December is the most popular shopping month of the year. It is
not difficult to realize this, especially if you are like me and
your shopping money is going quickly.
In today's technology-driven world, many of us walk up to the
check-out register to finalize a purchase and pull out a little
plastic card to make the payment. The days of using paper money and
coins for payment are slowly vanishing. Recently, I made a
small purchase and the total came out to $7.49. To my
surprise, I actually had enough in my wallet that there was no need
to use my credit or debit card.
I quickly counted out my $7 in cash, and then I reached into my
pocket to gather the remaining amount in pocket change. As I pulled
the coins out my pocket I took a moment and looked at the
coins. What stood out at me was the phrase, "In God We Trust." This
may have been because I remembered looking at the "In God We Trust"

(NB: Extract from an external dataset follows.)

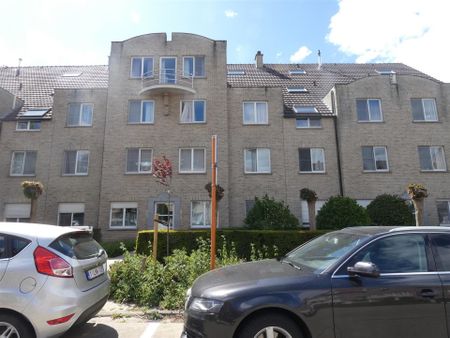 Gezellige appartement op toplocatie! - Photo 4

display at the Money Museum. This is what led me to choosing my
blog topic for this week, which will be to shed a little light on
this historic phrase.
During the Civil War, many Americans were seeking comfort and
assurance in religious faith. One man, the Rev. Mark Watkinson,
wrote a letter to Secretary of the Treasury Soloman Chase expressing his concern that
"recognition of the Almighty God" had been overlooked on the United
States coins. Chase wasted little time reacting to the letter. He
personally wrote to U.S. Mint Director James Pollock and requested a motto be
created that would be used to express the country's trust in God
and that could possibly be demonstrated on future
On April 22, 1864, Congress passed an act that changed the
composition of the 1-cent coin to read "In God We Trust," and it
also authorized the minting of the 2-cent coin. In that same year
the first "In God We Trust" appeared on the 2-cent coin.
(1865 2-Cent Coin)
(1865 2-Cent Coin)
Today the motto appears on all denominations of currency. Even
paper money had the phrase printed on it starting in 1957. Yet,
there have been times where the phrase has disappeared from
currency. For instance, it was taken off the 5-cent coin in 1883
and did not reappear until it was placed on the Jefferson nickel in 1938.
Over the years there has been much controversy over the phrase
and its placement on all currency. Some have claimed it violates the United States Constitution and
church-state separation principles. Despite the debates that have
spilled over into the courts, the phrase, "In God We Trust,"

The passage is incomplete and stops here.